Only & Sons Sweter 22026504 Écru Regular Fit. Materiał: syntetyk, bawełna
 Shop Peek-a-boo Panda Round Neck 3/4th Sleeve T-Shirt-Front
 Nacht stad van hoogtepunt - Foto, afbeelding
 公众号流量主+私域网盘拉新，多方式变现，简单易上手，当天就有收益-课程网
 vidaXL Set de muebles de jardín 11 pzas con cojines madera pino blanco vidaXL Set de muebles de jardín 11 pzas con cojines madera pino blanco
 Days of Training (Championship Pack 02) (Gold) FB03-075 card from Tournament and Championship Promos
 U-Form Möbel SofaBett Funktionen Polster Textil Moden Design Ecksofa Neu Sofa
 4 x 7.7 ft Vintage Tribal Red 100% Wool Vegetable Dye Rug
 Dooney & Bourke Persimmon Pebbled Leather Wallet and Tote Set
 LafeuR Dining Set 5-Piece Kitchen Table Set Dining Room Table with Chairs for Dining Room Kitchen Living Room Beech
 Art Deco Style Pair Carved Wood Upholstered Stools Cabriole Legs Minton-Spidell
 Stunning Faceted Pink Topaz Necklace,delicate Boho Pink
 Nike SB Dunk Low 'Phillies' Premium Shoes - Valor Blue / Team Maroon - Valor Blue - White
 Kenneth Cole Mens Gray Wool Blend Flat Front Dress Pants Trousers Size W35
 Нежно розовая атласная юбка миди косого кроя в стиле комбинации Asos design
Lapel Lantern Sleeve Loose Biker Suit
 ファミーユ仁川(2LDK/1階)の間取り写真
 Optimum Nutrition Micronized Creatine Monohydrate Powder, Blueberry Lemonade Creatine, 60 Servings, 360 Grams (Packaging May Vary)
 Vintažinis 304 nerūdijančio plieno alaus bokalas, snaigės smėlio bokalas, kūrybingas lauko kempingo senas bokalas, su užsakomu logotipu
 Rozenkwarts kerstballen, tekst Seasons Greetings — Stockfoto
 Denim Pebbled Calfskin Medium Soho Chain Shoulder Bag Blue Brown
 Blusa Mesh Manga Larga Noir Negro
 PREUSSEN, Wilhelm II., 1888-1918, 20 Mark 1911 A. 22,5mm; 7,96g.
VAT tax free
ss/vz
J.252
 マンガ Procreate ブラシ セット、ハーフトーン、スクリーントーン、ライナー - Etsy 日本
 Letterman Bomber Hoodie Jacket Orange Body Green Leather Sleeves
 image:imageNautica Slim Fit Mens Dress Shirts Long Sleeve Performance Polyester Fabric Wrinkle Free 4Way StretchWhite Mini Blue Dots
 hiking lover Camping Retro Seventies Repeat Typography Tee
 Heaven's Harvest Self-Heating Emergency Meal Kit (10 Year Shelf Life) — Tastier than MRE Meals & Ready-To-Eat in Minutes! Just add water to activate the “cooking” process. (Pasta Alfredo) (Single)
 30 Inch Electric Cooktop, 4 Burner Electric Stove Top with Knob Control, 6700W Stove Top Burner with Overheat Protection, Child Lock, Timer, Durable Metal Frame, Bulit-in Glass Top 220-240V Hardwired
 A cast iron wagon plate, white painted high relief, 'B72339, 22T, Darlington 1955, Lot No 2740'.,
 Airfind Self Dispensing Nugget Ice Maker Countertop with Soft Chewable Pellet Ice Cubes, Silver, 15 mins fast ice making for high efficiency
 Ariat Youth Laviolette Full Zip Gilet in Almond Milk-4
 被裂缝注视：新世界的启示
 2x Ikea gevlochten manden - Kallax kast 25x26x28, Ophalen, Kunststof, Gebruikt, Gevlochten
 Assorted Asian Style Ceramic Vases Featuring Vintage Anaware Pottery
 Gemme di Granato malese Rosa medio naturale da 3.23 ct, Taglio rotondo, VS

== Task prompt ==
Check each line of the records for the string "Self" and copy those that have it.

== Solution to this exercise ==
 Heaven's Harvest Self-Heating Emergency Meal Kit (10 Year Shelf Life) — Tastier than MRE Meals & Ready-To-Eat in Minutes! Just add water to activate the “cooking” process. (Pasta Alfredo) (Single)
 Airfind Self Dispensing Nugget Ice Maker Countertop with Soft Chewable Pellet Ice Cubes, Silver, 15 mins fast ice making for high efficiency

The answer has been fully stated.